Praticamente por duas décadas trabalhei na imprensa alternativa no período de resistência ao regime militar. E foi fundamental mesmo, porque na grande imprensa, além de haver a censura, havia também um interesse dos patrões dos jornais. Eles tinham o limite da oposição deles, a oposição deles era mais liberal e eles não queriam ter problemas com a sobrevivência dos seus veículos. Na hora que o governo os contemplava com propaganda, eles amenizavam; ou, no caso daqueles que foram um pouquinho mais críticos, o governo foi lá, apertou e conseguiu.
O Brasil não tinha como veicular ideias de oposição e, naquele momento, a imprensa alternativa foi fundamental para consubstanciar as teses das lutas pela Constituinte, pelo fim da censura, pelo regime democrático. Essas bandeiras levantadas em defesa da autonomia nacional foram temas centrais desse trabalho da imprensa alternativa. Tinha aí jornais como Opinião, Movimento, Hora do Povo… tantos e tantos jornais… O Pasquim… Foram muitos que se multiplicaram no Brasil inteiro… jornais partidários que havia também.
Todos esses deram uma grande contribuição à difusão dessas bandeiras porque – para que se tenha uma ideia – até a chegada dos grandes momentos da luta pelas eleições diretas, a grande imprensa não tocava nesse assunto.

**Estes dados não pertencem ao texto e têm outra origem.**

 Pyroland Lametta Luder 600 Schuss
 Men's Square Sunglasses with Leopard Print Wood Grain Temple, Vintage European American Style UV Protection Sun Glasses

Só quem falava eram esses jornais, os jornais alternativos.
Eu me recordo de um momento, já no final da luta pela conquista das eleições diretas, quando já havia quase um milhão de pessoas nas ruas, quando um carro da Rede Globo quase era apedrejado pela população, porque eles iam cobrir e não davam uma só notícia. Foi aí então que a grande imprensa entrou, com a folha de capa amarela, dizendo que estava lutando pelas diretas. Mas porque essa luta veio de baixo, do povo, ela já estava inevitável: um milhão de pessoas nas ruas, e eles não podiam ficar alheios a uma realidade dessas, né?
Isso foi conquistado com a mobilização, com panfletos, com jornais populares, com a imprensa, carro de som. Não tinha a grande mídia, não tinha televisão, não tinha rádio nessa mobilização. Esse papel da imprensa precisa ser resgatado hoje para outras causas e outras bandeiras; eu acho que a gente está vivendo, no momento, numa encruzilhada, onde é fundamental o papel da imprensa popular. Penso que é preciso a gente fazer um alerta para que as entidades comecem a pensar nisso, porque esse modelo democrático aí não permite ao trabalhador brasileiro ter espaço.
Que mensagem gostaria de deixar para os leitores de A Verdade?
Tenho uma simpatia grande por jornais como A Verdade. São poucos os jornais partidários, que defendem teses. Não me interessa se eu concordo com todas elas ou discordo de algumas, mas é fundamental que eles existam e é fundamental que elas sejam expostas – como o jornal A Verdade faz, de forma muito extensa, bem descrita, para que as pessoas compreendam os fatos e preservem também a história daqueles que lutaram pela causa democrática do país. Esse trabalho que A Verdade faz tem todo o meu respeito justamente pela profundidade. Busca, procura e tem todo o meu respeito e merece toda a minha sensibilidade de entender que ele está contribuindo para que o povo brasileiro avance, ganhe consciência para poder ganhar a liberdade.